# Search Jobs

<TierCallout>
	Supported on [Enterprise](/pricing/plans/enterprise) plans.
</TierCallout>

Use Search Jobs to search code at scale for large-scale organizations.

Search Jobs allows you to run search queries across your organization's codebase (all repositories, branches, and revisions) at scale. It enhances the existing Sourcegraph's search capabilities, enabling you to run searches without query timeouts or incomplete results.

With Search Jobs, you can start a search, let it run in the background, and then download the results from the Search Jobs UI when it's done. Site administrators can **enable** or **disable** the Search Jobs feature, making it accessible to all users on the Sourcegraph instance.

## Using Search Jobs

To use Search Jobs, you need to:

-   Run a search query from your Sourcegraph instance
-   Click the result menu below the search bar to see if your query is supported by Search Jobs

![run-query-for-search-jobs](https://storage.googleapis.com/sourcegraph-assets/Docs/search-jobs/search-jobs-create.png)

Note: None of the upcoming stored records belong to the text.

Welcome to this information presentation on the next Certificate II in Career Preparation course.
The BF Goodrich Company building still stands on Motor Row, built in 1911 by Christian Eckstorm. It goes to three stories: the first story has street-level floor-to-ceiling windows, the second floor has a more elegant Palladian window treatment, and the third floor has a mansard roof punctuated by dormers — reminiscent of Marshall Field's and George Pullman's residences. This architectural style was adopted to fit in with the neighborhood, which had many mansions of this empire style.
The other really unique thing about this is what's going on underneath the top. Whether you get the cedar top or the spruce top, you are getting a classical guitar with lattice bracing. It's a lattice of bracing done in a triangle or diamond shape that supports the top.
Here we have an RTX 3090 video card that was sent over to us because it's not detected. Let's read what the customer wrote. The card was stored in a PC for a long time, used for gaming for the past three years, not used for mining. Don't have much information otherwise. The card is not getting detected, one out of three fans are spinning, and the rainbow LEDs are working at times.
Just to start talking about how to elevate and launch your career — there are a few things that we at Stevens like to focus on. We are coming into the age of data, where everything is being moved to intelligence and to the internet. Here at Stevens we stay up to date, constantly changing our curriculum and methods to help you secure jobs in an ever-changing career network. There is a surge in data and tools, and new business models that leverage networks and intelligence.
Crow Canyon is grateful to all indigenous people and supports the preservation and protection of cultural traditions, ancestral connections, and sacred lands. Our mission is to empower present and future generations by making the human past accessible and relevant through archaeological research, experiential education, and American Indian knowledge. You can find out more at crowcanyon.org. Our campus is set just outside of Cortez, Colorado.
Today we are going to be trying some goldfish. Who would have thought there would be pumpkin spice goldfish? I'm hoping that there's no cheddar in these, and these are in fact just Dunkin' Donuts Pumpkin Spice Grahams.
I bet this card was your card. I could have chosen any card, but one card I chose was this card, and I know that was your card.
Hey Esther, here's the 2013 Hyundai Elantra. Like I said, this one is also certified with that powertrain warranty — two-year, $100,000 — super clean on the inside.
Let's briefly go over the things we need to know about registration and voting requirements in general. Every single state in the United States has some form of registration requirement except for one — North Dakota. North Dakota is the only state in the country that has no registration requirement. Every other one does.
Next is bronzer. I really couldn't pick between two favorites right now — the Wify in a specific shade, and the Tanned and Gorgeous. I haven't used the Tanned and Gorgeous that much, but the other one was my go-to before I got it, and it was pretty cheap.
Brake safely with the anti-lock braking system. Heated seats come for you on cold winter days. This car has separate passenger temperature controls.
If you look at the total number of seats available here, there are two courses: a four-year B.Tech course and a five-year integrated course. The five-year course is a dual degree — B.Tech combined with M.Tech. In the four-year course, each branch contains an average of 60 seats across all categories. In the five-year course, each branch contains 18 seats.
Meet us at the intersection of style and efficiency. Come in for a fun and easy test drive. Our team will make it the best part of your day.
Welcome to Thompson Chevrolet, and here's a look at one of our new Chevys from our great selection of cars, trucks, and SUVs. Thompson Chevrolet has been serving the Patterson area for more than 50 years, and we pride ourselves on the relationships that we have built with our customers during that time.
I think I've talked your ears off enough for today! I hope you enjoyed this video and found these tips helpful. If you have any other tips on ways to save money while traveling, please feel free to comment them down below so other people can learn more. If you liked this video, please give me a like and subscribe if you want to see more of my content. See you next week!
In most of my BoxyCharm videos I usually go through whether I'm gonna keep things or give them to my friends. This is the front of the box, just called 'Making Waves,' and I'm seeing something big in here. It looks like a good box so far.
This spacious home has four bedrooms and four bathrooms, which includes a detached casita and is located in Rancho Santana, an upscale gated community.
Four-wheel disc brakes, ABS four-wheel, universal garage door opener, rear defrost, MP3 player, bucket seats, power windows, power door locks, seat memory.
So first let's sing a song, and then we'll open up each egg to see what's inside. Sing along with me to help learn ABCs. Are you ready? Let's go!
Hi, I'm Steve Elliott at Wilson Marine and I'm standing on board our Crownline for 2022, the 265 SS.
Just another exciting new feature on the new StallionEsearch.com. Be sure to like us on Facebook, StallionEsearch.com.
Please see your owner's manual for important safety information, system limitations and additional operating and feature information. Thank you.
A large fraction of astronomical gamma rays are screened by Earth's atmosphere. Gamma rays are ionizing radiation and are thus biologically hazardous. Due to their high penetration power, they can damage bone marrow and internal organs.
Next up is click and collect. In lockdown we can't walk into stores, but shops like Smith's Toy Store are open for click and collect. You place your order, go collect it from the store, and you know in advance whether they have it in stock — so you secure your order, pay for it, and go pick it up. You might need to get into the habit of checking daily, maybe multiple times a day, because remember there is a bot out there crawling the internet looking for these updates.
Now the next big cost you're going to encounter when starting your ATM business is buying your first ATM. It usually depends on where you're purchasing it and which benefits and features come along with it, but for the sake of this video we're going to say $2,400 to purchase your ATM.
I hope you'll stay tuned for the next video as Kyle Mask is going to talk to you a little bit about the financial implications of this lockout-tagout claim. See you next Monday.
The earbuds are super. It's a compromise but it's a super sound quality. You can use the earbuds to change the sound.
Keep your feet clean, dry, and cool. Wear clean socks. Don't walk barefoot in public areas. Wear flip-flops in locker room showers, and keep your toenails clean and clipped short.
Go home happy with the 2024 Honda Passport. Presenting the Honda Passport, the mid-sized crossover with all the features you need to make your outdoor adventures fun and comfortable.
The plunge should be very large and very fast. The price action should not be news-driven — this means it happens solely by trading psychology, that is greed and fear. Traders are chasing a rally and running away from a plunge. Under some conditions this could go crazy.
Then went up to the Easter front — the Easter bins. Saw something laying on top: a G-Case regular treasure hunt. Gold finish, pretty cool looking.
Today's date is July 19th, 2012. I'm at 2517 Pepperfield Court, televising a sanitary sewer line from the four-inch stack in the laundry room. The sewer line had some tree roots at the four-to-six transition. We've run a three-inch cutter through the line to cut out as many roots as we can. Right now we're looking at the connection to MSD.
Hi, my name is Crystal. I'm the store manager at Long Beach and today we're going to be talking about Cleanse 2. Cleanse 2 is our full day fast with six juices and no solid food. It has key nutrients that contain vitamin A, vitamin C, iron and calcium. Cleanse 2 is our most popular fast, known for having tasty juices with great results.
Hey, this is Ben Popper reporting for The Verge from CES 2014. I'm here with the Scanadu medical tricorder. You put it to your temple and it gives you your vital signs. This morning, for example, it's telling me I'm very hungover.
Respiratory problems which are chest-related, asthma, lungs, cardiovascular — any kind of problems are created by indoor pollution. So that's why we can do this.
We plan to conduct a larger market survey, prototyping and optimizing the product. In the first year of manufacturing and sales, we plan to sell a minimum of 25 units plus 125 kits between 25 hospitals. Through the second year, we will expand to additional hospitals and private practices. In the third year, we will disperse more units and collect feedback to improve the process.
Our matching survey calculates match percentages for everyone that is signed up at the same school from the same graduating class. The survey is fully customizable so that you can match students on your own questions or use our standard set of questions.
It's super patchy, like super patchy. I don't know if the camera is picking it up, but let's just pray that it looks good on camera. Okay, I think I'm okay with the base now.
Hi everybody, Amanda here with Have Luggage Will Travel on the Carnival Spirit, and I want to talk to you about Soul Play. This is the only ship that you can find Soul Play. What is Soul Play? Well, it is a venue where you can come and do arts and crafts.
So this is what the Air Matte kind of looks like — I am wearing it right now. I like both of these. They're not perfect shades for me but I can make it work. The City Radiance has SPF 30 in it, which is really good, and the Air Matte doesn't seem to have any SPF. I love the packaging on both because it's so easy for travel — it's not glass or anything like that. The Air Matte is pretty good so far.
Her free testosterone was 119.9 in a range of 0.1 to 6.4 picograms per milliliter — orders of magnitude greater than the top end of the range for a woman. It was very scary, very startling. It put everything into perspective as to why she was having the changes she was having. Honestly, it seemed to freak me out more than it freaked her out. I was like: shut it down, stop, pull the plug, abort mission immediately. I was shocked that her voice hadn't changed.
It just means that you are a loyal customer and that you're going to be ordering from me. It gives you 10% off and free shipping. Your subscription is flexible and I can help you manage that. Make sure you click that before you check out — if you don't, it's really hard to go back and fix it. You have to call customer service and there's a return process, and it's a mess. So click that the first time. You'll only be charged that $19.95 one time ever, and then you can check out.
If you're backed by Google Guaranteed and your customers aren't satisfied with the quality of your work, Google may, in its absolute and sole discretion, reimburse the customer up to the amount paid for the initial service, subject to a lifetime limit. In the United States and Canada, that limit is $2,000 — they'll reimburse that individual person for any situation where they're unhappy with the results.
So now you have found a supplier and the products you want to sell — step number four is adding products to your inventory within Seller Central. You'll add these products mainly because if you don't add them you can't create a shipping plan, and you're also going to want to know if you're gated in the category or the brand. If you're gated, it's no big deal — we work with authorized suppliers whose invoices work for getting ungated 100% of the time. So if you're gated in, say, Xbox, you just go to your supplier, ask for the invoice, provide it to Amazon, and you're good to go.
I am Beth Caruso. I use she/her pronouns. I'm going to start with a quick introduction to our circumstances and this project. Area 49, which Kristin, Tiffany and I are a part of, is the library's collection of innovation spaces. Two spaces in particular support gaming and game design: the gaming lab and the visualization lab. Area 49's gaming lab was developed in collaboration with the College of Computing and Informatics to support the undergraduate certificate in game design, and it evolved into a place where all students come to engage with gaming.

-   If your query is valid, click **Create a search job** to initiate the search job
-   You will be redirected to the "Search Jobs UI" page at `/search-jobs`, where you can view all your created search jobs. If you're a site admin, you can also view search jobs from other users on the instance
-   For each search job, you can download the results by clicking the **Download** button. The results are formatted as JSON lines, see [Search results format](#search-results-format) for more details.

![view-search-jobs](https://storage.googleapis.com/sourcegraph-assets/Docs/search-jobs/search-jobs-manage-with-frame.png)

## Search results format

The downloaded results are formatted as [JSON lines](https://jsonlines.org).
The JSON objects have the same format as the (event-type) matches served by the [Stream API](/api/stream-api#event-types).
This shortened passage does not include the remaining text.